Using slices in loc and iloc
Both loc
and iloc
support slicing, allowing you to select multiple rows. Here’s an example:
# Select rows with labels 0 to 1 (inclusive) using loc
rows_loc = df.loc[0:1]
# Select rows with integer positions 0 to 1 (exclusive) using iloc
rows_iloc = df.iloc[0:1]
Notice that the slice in loc
is inclusive, while in iloc
, it’s exclusive.
By understanding the differences and appropriate usage of loc
and iloc
, you can efficiently select rows in a Pandas DataFrame based on your needs.
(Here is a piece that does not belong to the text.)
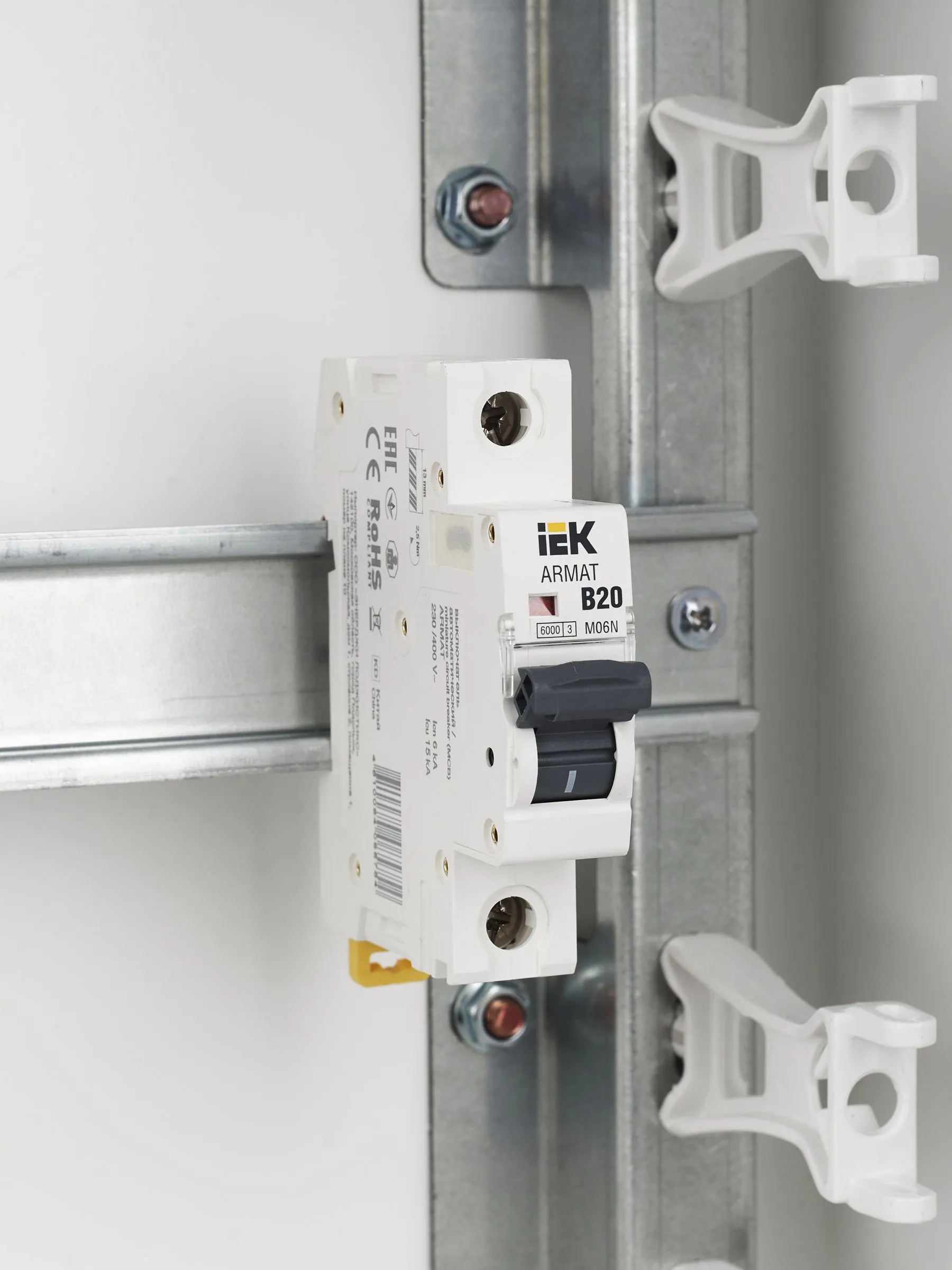 ARMAT Автоматический выключатель M06N 1P B 20А IEK - Фото 2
Filtering Rows Based on Conditions
Filtering rows based on conditions is a common requirement in data manipulation, and Pandas makes it quite efficient. Let’s see how we can achieve this with two primary methods:
Using boolean indexing
Boolean indexing allows us to apply conditions on columns and select specific rows that satisfy those conditions. Here’s an example:
# Filter rows where Age is greater than 25
filtered_rows = df[df['Age'] > 25]
print(filtered_rows)
This code snippet outputs the rows where the ‘Age’ column has a value greater than 25.
Using the query method
Another way to filter rows based on conditions is by using the query()
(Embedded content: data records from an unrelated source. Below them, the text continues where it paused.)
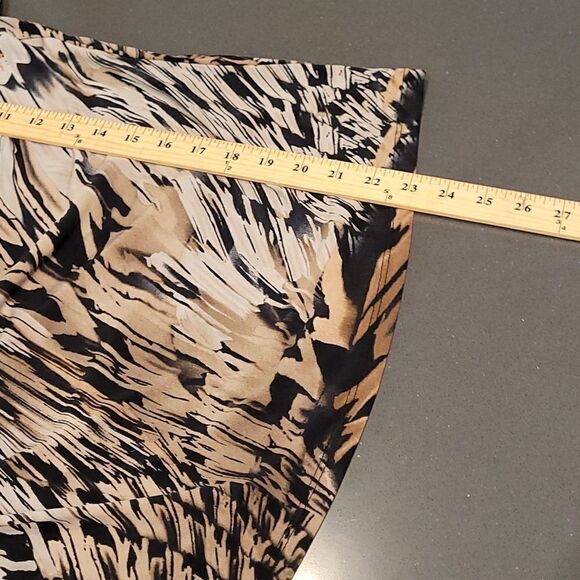 Clear Sky Black and Tan Top - Picture 6 of 7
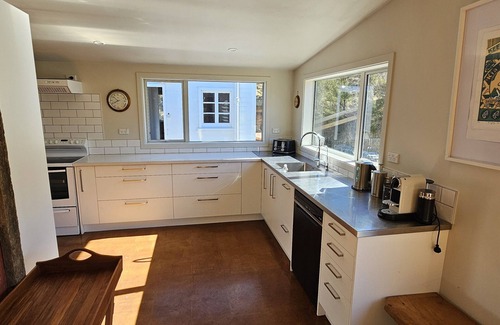 Hurunui District Otro | Mountain farmhouse with adventures at your door on historic Island Hills Station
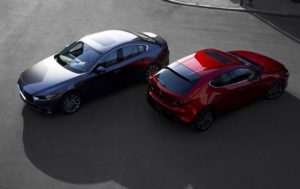 Mazda представила новое поколение “тройки”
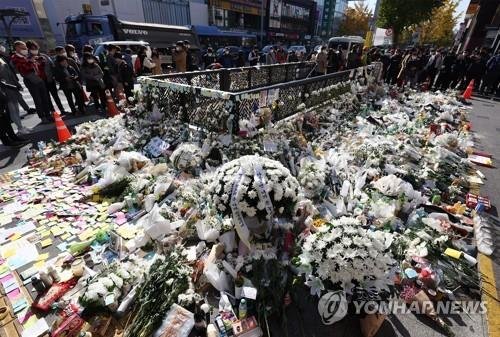 2일 오후 서울 용산구 이태원역 1번 출구 앞 핼러윈데이 사고 희생자 추모공간에서 희생자들을 기리기 위한 국화꽃 등이 놓여 있다. /사진=연합뉴스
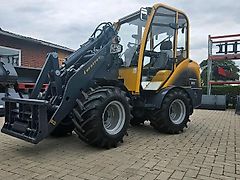 Eurotrac W 12 S Vollkabine . Radlader, Hoflader Eurotrac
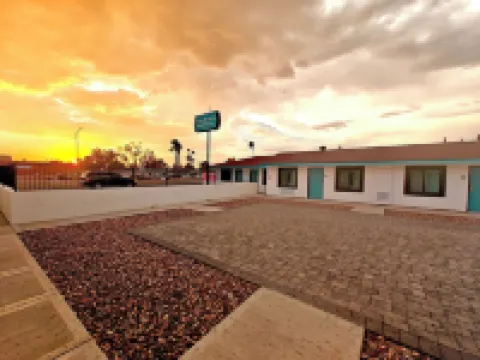 Casa Blanca Inn and Suites Hotels in Chandler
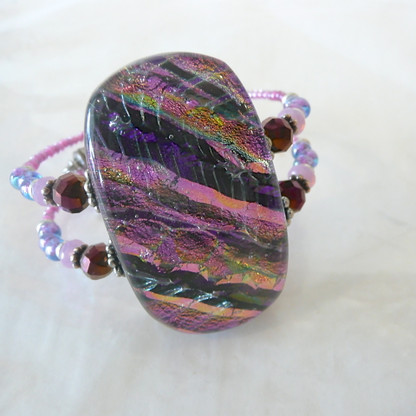 ORCHID FUSED GLASS MEMORY WIRE CUFF
HANDMADE IN THE USA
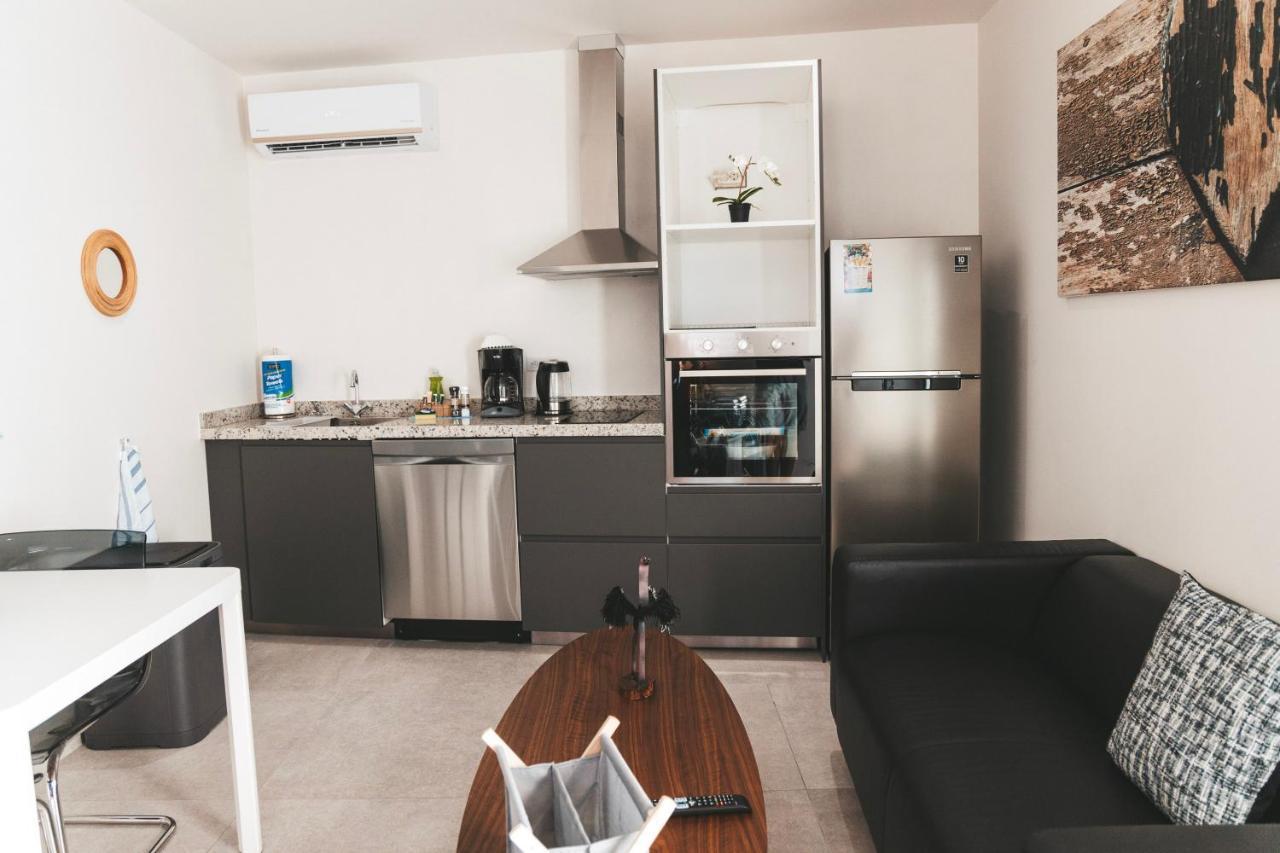 Gray Door Apartments - Adults Only Palm Beach Zewnętrze zdjęcie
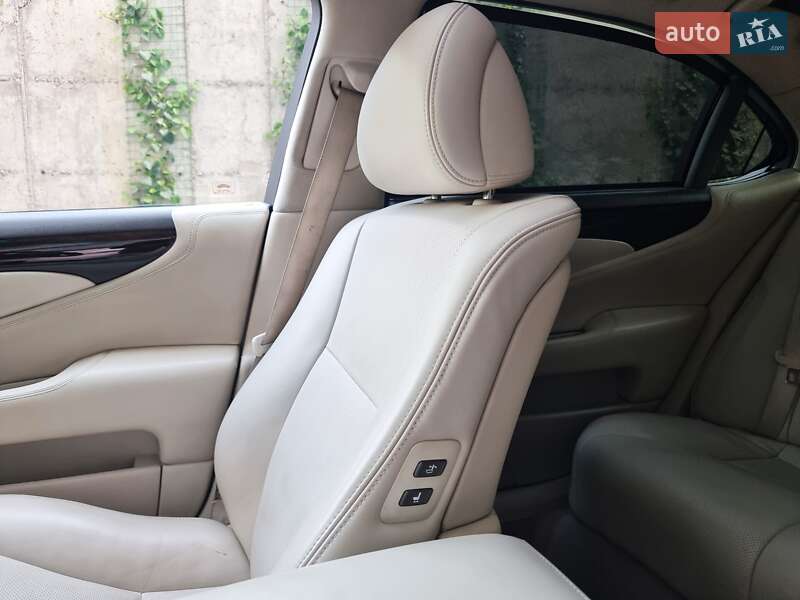Седан Lexus LS 2007 в Хмельницком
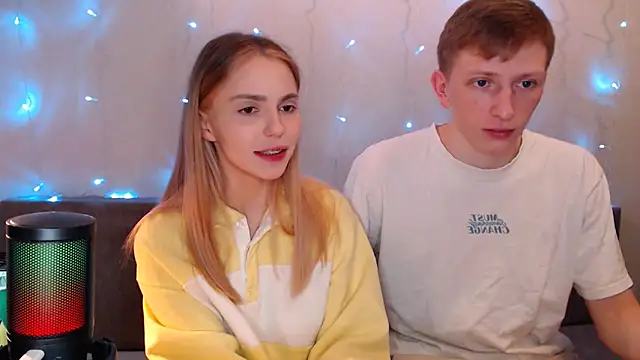 juliaanddima online show from 1, 10, 2025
method. It’s an efficient and readable option, especially when dealing with complex conditions. Here’s an example:
# Filter rows where Age is greater than 25 and City is 'New York'
filtered_rows = df.query('Age > 25 & City == "New York"')
print(filtered_rows)
The query()
method accepts a string containing the conditions, making it easy to write and read complex filtering expressions.
By understanding and adapting these filtering techniques, you can effectively select specific rows from your Pandas DataFrame, based on certain conditions.
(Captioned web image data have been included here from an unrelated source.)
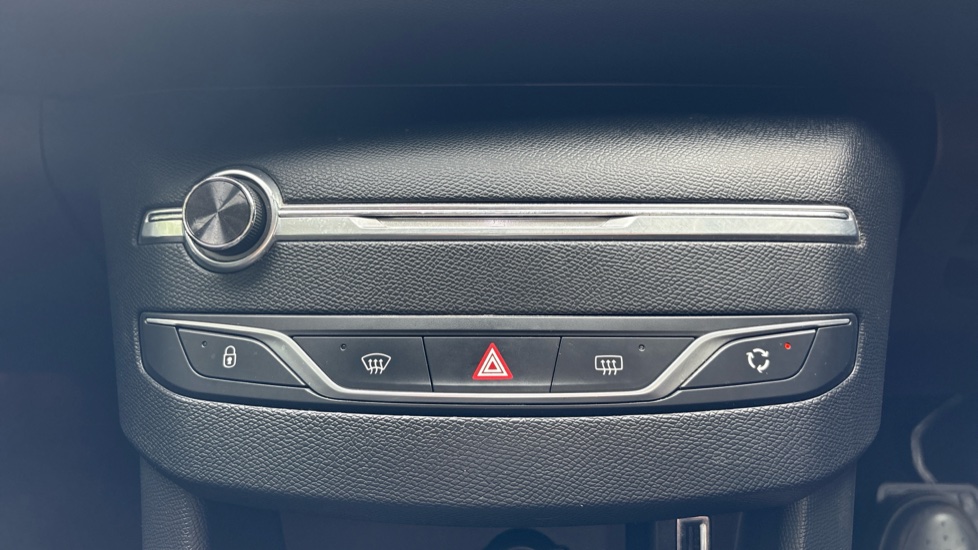 Peugeot 308 1.6 BlueHDi 120 Allure 5dr EAT6 Diesel Estate - Image 33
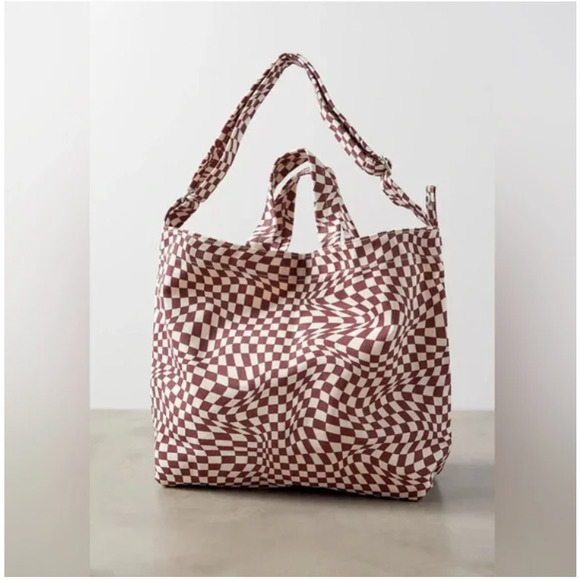 BAGGU Handbags - BAGGU Checkerboard Shoulder Tote in Cream and Brown
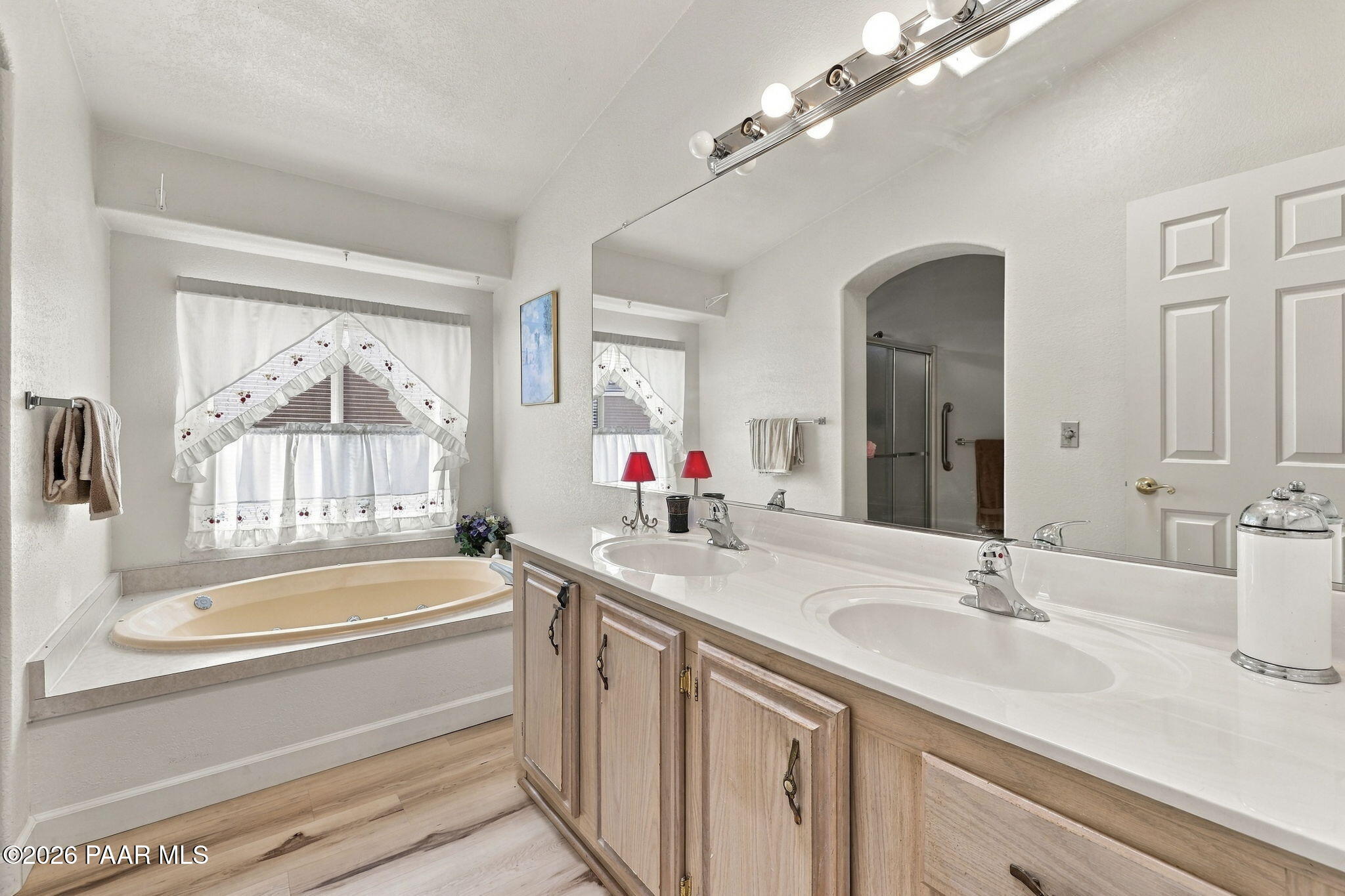 12255 East Obsidian Loop Road Dewey, AZ 86327 - Photo 25 of 51 25-Primary Bathroom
Selecting Rows with Query Function
The query()
function in Pandas allows you to select rows from a DataFrame based on conditions written as a string expression. It provides a concise and readable syntax for filtering data. Let’s dive into some examples to understand its usage:
Basic filtering
Suppose we want to filter rows where the ‘Age’ column has a value greater than 25:
filtered_rows = df.query('Age > 25')
print(filtered_rows)
The query()
function takes the condition ('Age > 25'
) in a string format and returns a DataFrame with the rows that satisfy the condition.
Combining multiple conditions
You can also filter rows based on multiple conditions using the logical operators &
(and), |
(or), and ~
(not). Here’s an example of filtering rows where the ‘Age’ column has a value greater than 25, and the ‘City’ column is ‘New York’:
filtered_rows = df.query('Age > 25 & City == "New York"')
print(filtered_rows)
Using variables in the query
If you have a variable with the value to filter, you can include it in the query using the @
symbol. For example:
min_age = 25
selected_city = "New York"
filtered_rows = df.query('Age > @min_age & City == @selected_city')
print(filtered_rows)
This allows for better flexibility and reusability of code when filtering rows based on conditions.
By mastering the use of the query()
function, you can make your Pandas DataFrame manipulation more efficient and maintainable.
Summary
In summary, selecting rows in a Pandas DataFrame is a crucial skill for any data manipulator. Using loc and iloc is quite effective for labeled and integer-based indexing, respectively. To filter rows based on certain conditions, boolean indexing and the query() function are powerful tools. Personally, I recommend mastering the query() function for its concise and readable syntax, especially when working with complex filtering conditions. Don’t forget to consider the performance implications when selecting large datasets, and always explore ways to optimize your code for better efficiency. Happy coding!